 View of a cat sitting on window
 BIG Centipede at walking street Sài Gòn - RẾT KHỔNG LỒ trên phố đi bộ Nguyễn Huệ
▬▬▬
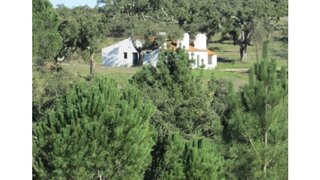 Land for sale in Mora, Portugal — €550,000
▬▬▬
*What to do:* When the line with "View of a cat sitting on window" is reached in the data above, start copying there, and copy each line exactly until the line with "BIG Centipede at" has been copied; copy nothing else.

*Your solution:*
 View of a cat sitting on window
 BIG Centipede at walking street Sài Gòn - RẾT KHỔNG LỒ trên phố đi bộ Nguyễn Huệ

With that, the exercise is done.